#### Information provided
++++++
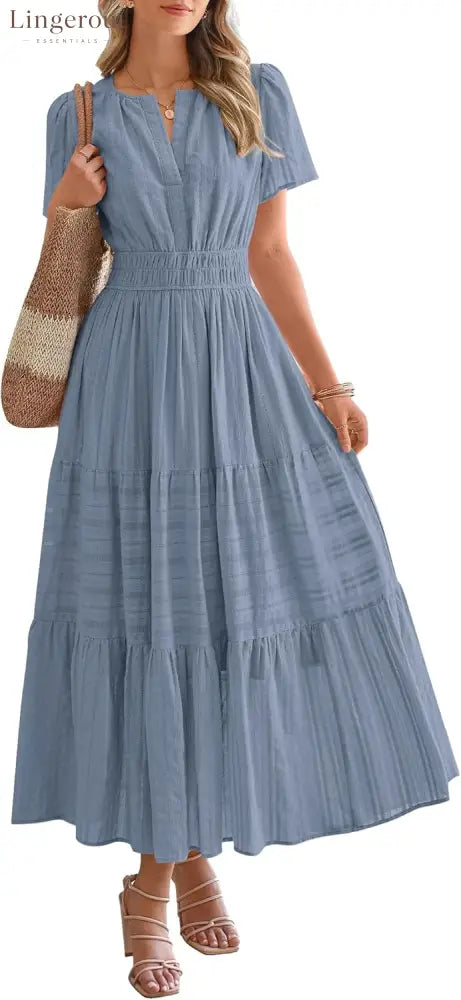 Womens Summer Lightweight Short Sleeve V Casual Midi Maxi Dresses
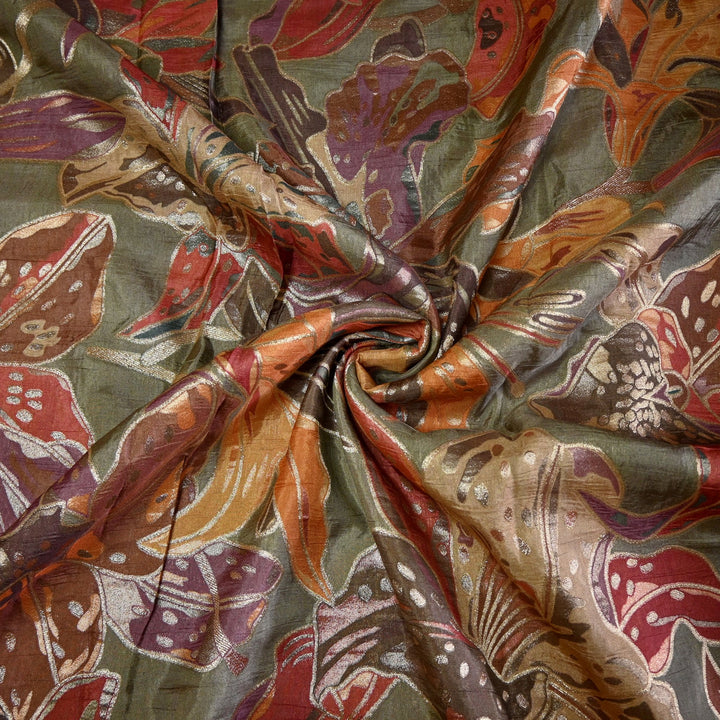 Dola Silk Position Print With Zari Jaquard Fabrics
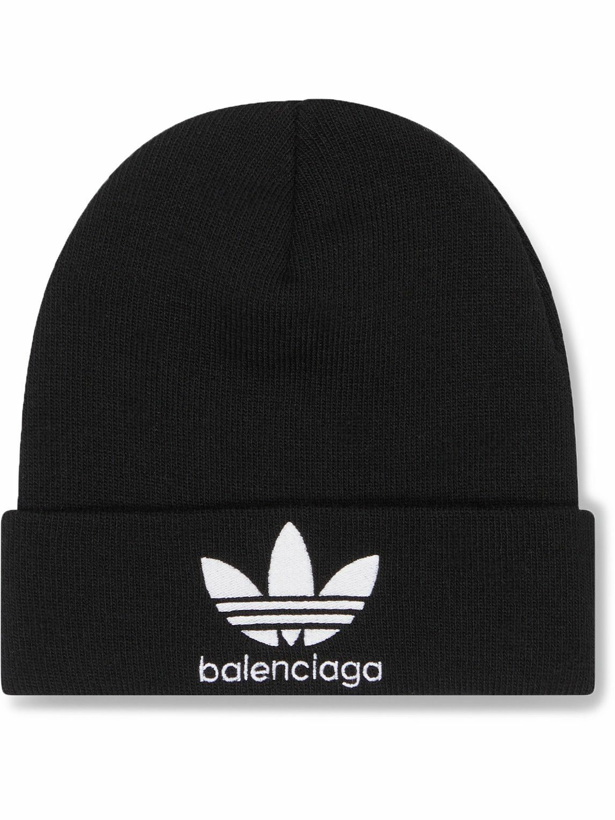 Photo: Balenciaga - adidas Logo-Embroidered Knitted Beanie - Black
++++++
#### Task prompt
Starting at the line that holds "Dola Silk Position" and ending at the last line of the material above, repeat each line exactly, both ends included, and leave the pictures out.

#### Completed exercise
 Dola Silk Position Print With Zari Jaquard Fabrics
 Photo: Balenciaga - adidas Logo-Embroidered Knitted Beanie - Black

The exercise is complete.